> From: owner-openssl-us...@openssl.org On Behalf Of DarkMike
> Sent: Monday, 04 July, 2011 13:24

> What I want to do is:
> 
> 1.  decrypt the signature to get decrypted message digest (sha1)
> 2.  compute the sha1 from the certificate on my own
> and compare these two digests
> 
Presumably you mean the signature in the cert, over the certTBS, 
since otherwise comparing the digests makes no sense. This process 
is a first step in verifying the certificate; an entity using 
a certificate (generically called a relying party or relier) 
usually needs to make additional checks as well. Two caveats:
- all common signature schemes use some hash, but not always SHA1
- talking about "encrypting" and "decrypting" the hash is not 
entirely correct for RSA, and totally wrong for DSA and ECDSA.

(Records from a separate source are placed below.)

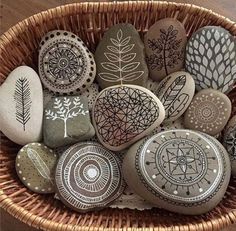 a basket filled with lots of rocks sitting on top of a wooden floor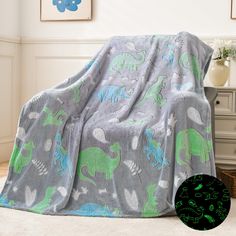 a child's blanket with dinosaurs on it and a green glow in the middle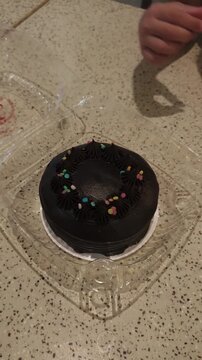Child reaches for chocolate cake with colorful sprinkles on clear plastic plate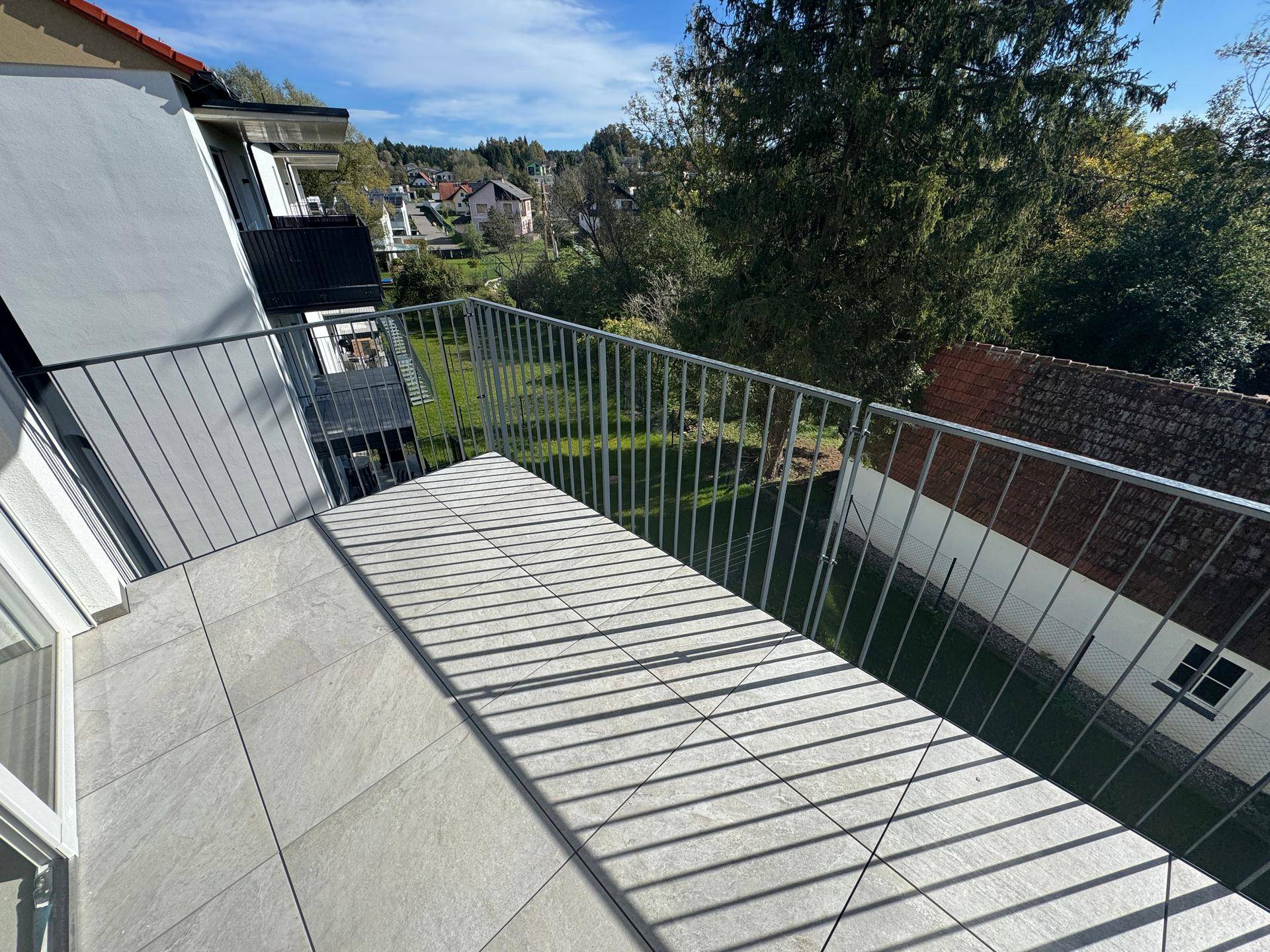 Gepflegte Rasenfläche vor den modernen Wohngebäuden mit Balkonen.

sign/verify and encrypt/decrypt are actually different operations, 
even if mathematically related, and it's best to keep them distinct.

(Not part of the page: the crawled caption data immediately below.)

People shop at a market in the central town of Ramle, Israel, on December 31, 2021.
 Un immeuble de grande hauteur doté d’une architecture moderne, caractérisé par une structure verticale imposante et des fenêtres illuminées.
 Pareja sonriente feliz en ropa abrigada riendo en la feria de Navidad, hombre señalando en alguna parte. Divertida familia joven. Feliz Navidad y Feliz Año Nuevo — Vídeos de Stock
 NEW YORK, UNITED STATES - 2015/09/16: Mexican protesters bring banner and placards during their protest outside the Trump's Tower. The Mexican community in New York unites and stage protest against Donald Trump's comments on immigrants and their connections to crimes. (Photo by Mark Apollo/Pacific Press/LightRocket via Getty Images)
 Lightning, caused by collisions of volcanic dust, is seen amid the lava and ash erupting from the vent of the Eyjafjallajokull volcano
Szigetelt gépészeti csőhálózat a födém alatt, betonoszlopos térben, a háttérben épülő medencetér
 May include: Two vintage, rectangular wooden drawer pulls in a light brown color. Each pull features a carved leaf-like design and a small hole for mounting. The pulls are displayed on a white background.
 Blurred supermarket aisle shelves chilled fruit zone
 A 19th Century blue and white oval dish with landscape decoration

> I want to use this mechanism for whole communication between my
> server and multiple clients, to ensure each message my server gets is
> from expected uniqe client.
> 
> I.e. get next message from the client signed by sha1 digest 
> decrypted with
> client private key,
> then decrypt this signature, compare to signature that my 
> server computes
> from this message.
> 
Now you seem to want to sign and verify some data of your own, 
NOT the certificate. If that's what you want, then have the client 
create a signature for the data and send it, and have the server 
verify that signature. No certificate needs to be involved, 
although a certficate is one standard way to securely transport 
the signer's publickey, which the verifier needs to have.

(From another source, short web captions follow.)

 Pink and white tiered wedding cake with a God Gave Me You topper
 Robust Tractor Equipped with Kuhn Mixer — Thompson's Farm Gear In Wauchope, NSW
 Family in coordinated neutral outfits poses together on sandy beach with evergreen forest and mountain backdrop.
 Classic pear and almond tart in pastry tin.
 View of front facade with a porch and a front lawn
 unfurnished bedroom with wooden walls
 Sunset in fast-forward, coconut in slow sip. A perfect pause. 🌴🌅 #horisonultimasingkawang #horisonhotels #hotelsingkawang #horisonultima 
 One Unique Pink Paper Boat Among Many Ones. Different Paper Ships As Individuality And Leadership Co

And the certificate *signature* is not involved at all, 
unless you want to verify the certificate, in which case 
as above checking the signature is only one step.

If you want to do that with openssl commandline, the digest -sign 
and digest -verify options you referenced earlier are one method.
The smime or pkcs7 format, which basically bundles the data and 
signature for it together, is another approach. And if you write 
(or already have) your own program(s) there are more choices.